Sunday, April 18, 2010

A Sinister Morning

      At 4am, just before bed, I entered a morning perhaps sinister, though not gloomy, perhaps menacing, though not sad. After a day of relative ease, I decided to end with a cigarette and mug of Brazilian evening tea. Unexpected, however, was the fog laden morning I soon found before me. The streetlights glowed yellow and the trees, though expectant of Spring, knew leaves not yet; instead their branches jutted bare like broken swords, unfriendly and austere. But the morning was undecided, and knew not whether to emerge evil or amicable. In partnership with the darker elements it did proffer, were the morning birds and their sweet chirp. At first sparse, their sounds left me only wanting more; and as my desire fulfilled, the morning and I grew more in accord.

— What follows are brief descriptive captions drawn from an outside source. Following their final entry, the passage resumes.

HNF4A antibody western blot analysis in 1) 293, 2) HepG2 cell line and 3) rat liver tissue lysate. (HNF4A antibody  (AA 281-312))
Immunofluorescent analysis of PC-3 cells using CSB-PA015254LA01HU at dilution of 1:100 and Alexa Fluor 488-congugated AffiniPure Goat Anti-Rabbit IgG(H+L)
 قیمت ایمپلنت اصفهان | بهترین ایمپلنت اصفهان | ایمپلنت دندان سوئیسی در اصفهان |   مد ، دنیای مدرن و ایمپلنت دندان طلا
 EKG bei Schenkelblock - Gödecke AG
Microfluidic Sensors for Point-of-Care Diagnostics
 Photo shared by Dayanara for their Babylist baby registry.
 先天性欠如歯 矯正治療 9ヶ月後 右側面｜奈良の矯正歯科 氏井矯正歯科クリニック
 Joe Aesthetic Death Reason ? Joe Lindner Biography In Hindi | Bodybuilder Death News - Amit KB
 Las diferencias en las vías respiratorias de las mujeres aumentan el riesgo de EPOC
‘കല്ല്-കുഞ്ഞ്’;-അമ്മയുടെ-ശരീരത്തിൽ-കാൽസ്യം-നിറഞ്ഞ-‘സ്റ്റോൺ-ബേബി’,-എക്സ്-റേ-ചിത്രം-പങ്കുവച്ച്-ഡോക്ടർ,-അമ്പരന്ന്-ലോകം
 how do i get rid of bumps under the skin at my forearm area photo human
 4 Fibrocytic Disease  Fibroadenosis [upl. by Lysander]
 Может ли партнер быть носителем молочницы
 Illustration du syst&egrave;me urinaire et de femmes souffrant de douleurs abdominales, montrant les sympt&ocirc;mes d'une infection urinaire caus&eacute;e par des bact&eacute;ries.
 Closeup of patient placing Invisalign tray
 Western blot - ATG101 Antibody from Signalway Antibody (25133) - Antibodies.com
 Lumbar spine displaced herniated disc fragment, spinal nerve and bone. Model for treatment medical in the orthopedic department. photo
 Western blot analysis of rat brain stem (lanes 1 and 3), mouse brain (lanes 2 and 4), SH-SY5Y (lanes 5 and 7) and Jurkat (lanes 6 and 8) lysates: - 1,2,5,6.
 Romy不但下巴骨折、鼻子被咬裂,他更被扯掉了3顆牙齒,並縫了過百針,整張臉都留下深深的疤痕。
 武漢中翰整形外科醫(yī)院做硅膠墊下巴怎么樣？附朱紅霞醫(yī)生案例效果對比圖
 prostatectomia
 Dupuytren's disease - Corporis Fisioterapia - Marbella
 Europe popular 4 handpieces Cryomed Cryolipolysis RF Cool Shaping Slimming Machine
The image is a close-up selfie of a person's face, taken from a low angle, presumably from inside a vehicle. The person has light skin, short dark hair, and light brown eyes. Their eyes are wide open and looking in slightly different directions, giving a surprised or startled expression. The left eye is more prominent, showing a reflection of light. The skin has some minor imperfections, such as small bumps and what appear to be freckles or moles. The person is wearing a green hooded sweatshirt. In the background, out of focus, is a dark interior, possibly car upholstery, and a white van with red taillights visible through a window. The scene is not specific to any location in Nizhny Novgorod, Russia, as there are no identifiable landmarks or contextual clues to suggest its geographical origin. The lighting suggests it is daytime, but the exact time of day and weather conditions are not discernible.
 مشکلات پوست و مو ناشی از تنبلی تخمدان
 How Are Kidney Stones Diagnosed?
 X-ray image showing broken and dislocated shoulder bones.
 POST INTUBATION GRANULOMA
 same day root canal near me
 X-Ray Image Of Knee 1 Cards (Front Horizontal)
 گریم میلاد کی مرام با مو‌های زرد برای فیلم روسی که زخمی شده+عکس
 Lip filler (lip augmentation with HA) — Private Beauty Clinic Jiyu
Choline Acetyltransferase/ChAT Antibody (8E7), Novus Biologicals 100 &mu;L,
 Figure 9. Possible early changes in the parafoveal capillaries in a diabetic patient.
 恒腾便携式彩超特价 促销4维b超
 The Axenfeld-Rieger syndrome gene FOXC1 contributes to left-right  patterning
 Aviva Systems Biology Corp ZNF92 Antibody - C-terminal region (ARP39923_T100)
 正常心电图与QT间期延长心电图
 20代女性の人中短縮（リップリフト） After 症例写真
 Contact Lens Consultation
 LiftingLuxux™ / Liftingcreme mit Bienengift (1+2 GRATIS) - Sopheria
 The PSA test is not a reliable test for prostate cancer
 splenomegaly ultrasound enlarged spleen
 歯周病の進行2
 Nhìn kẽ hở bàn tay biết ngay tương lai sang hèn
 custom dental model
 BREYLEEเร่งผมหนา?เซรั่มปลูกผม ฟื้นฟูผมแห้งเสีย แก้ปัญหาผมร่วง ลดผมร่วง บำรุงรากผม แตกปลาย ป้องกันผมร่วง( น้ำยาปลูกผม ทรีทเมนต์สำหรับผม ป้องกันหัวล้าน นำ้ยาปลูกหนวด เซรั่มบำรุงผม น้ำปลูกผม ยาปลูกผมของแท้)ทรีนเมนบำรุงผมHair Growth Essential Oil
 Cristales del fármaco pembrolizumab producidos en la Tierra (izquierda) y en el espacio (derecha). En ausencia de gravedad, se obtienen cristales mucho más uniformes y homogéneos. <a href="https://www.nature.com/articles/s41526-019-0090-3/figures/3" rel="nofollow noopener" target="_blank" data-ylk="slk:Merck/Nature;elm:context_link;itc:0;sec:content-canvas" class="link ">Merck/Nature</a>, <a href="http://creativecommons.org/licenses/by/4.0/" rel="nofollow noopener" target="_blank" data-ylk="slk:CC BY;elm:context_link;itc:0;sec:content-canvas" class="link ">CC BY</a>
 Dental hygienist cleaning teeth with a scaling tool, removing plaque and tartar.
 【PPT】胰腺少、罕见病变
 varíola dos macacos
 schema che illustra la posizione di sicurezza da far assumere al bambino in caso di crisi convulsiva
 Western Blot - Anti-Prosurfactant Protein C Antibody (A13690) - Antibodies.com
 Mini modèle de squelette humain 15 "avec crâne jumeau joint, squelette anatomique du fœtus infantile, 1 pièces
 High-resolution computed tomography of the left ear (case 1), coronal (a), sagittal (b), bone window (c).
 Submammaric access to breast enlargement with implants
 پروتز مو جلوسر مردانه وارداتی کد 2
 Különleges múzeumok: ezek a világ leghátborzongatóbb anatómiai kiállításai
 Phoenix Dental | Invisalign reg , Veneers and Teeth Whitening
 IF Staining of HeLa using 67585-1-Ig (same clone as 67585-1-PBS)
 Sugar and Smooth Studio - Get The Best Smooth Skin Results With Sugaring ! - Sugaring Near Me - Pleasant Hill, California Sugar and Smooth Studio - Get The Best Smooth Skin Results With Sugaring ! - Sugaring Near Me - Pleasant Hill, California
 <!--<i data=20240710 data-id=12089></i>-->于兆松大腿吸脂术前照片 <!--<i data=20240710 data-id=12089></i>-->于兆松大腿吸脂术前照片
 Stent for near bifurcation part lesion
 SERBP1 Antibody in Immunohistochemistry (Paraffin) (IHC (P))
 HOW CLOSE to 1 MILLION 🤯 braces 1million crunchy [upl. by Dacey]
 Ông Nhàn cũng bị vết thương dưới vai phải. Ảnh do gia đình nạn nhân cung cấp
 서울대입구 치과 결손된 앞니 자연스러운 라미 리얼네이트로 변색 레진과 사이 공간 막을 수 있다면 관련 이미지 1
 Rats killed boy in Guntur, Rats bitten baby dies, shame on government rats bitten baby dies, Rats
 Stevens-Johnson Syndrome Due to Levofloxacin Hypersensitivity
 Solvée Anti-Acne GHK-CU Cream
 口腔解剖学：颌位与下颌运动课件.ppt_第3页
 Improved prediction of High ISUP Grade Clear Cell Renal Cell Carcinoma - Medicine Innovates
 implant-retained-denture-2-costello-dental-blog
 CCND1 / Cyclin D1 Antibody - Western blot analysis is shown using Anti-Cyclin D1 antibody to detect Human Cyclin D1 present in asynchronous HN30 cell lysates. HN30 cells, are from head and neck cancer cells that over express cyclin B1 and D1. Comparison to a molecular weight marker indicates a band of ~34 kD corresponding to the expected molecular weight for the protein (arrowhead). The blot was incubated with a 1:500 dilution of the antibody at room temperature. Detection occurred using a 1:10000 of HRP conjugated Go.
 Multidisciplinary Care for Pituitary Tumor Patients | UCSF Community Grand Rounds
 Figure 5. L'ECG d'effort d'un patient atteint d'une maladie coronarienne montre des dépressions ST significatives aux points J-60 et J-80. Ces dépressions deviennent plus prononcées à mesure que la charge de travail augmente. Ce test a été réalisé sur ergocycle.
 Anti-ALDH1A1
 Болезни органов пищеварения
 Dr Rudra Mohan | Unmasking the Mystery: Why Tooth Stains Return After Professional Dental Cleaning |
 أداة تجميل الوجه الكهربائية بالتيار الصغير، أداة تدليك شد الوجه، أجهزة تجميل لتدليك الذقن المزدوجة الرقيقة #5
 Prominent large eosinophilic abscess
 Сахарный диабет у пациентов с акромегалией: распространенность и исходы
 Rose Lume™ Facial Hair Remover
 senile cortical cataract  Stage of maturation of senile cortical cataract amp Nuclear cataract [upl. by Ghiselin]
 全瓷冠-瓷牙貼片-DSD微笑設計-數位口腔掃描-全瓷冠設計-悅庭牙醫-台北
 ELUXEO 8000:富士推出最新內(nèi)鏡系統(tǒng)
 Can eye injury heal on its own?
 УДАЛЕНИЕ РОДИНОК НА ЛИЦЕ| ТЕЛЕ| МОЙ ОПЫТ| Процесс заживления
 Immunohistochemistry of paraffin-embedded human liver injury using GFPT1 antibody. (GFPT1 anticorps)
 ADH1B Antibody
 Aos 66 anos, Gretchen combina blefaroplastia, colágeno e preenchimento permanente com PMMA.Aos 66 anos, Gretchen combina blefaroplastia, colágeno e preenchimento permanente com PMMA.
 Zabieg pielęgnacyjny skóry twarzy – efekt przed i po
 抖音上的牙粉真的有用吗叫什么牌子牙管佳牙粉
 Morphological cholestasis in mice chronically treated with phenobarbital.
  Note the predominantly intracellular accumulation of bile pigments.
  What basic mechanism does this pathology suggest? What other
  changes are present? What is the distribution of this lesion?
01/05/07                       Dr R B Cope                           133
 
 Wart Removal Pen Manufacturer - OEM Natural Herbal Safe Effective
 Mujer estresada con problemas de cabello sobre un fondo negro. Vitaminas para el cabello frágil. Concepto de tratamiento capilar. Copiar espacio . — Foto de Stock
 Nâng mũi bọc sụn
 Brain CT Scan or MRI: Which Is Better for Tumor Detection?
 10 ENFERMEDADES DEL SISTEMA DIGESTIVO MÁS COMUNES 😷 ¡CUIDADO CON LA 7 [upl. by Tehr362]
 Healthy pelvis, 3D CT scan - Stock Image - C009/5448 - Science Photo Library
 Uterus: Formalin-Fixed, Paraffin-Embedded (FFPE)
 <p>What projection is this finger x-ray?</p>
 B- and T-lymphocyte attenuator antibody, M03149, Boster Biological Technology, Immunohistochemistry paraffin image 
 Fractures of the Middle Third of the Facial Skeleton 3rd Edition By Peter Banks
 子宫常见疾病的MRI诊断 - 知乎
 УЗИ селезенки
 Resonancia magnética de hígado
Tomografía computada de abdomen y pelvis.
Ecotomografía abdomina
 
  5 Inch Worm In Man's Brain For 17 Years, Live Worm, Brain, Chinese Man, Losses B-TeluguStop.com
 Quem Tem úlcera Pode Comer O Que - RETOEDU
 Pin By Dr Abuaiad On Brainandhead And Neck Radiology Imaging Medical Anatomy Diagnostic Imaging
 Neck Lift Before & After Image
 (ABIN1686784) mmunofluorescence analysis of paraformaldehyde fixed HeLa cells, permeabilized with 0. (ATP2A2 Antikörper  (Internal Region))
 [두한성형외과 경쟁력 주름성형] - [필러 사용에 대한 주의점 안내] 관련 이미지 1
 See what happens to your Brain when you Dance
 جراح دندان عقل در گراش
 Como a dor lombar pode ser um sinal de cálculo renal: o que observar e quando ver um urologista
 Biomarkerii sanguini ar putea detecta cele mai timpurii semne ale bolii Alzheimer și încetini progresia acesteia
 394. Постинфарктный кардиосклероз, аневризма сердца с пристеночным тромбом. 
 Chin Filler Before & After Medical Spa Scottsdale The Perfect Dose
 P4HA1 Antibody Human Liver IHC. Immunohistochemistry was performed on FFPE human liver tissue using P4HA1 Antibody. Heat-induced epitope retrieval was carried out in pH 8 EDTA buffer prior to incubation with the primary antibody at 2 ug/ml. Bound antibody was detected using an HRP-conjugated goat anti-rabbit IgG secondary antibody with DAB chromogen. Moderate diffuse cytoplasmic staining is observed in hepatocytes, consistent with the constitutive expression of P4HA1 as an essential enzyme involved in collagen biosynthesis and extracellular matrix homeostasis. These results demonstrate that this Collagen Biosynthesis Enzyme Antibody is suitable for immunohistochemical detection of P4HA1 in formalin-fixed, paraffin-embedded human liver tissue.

At last its visage showed nothing worse than mystery, not any hidden threat; and as I dragged the cigarette I rolled, then expelled my contribution to the early fog, a sense of wonder grew within me. My thoughts roamed to ancient man in my position, amid the fog but less knowing. Would it be fearful to him? Without modern images, what is a densely fogged night? Is it the mantle of some goddess, or the oily smoke of war? I knew not. My cigarette was done now, ready for tea was I; and happy to find its temperature somewhat slaked by chilling mist, which now surrounded on all sides, my first warming gulp took I. Before me I spotted wet accumulations, water gathered just to fall, too weak to bear its weight; and across the way, objects earlier plain to see had been pulled with greed into the mist. This revealed something new. Perhaps the fog was not so friendly; it would not maul or bite at once, but one should not recline in ease amidst it. And the birds -- their chirping was now everywhere -- but was it calling in the sun? or were the creatures not themselves? Things trembled in the grass unseen. The birds, it's possible, were diseased. Their hearts had blackened, and together they conspired. This morning, after all, was cruel and hungry, and the birds its siren call.